Tom Sterkenburg (MCMP, LMU Munich) will present on Occam’s razor in machine learning on July 20th, 4PM. Please see the abstract below.
The talk will take place on site at HLRS, Room Baden and also be streamed via webex.
To join in person you will need to register, please send a mail to nico.formanek@hlrs.de.
Join online via webex: https://unistuttgart.webex.com/unistuttgart/j.php?MTID=m9fbede5de288df8835c19726ac87578c
This event is connected to a master class with Tom on Occam’s razor in machine learning on July 21st. Should you be interested in joining the master class, please check out this link: Master Class on Occam’s Razor with Tom Sterkenburg.
Occam’s razor in machine learning
I give an overview of my work on Occam’s razor, the methodological principle to prefer simplicity in inductive inference. This principle presents us with two philosophical problems: what is simplicity (the problem of definition), and why is it good to prefer it (the problem of justification)? I observe that the mathematical theory of machine learning holds the promise to answer these problems, for (versions of) Occam’s razor in machine learning, by (1) giving a formal notion of simplicity and (2) connecting this formal notion of simplicity to formal guarantees of successful learning. I investigate whether this promise holds good.
I first look at Kolmogorov complexity and the Solomonoff-Levin theory of universal prediction based on it. I argue that this theory neither gives a robust notion of simplicity nor a theoretical connection between simplicity and learning guarantees.
I then look at statistical learning theory, the (still) standard mathematical framework for machine learning. I argue that this theory does give us a robust notion of simplicity, in the form of the notion of capacity of a model class, and a theoretical connection between simplicity and learning guarantees, in the form of uniform convergence bounds.

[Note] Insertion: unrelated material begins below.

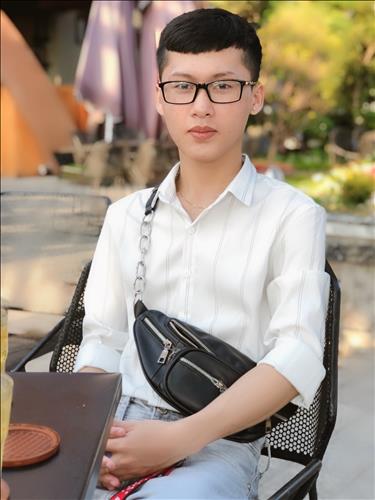 Hí, 23 tuổi, Quận 1, Việt Nam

I finally look at the contemporary discussion around “the generalization puzzle” that the learning success of modern machine learning algorithms cannot adequately be accounted for by the classical framework of statistical learning theory. Proposals for a new and more adequate theory routinely evoke a version of Occam’s razor. I argue that these proposals bring us in an important sense back to square one: the relevant principle neither relies on a robust notion of simplicity nor is underwritten by theoretical guarantees.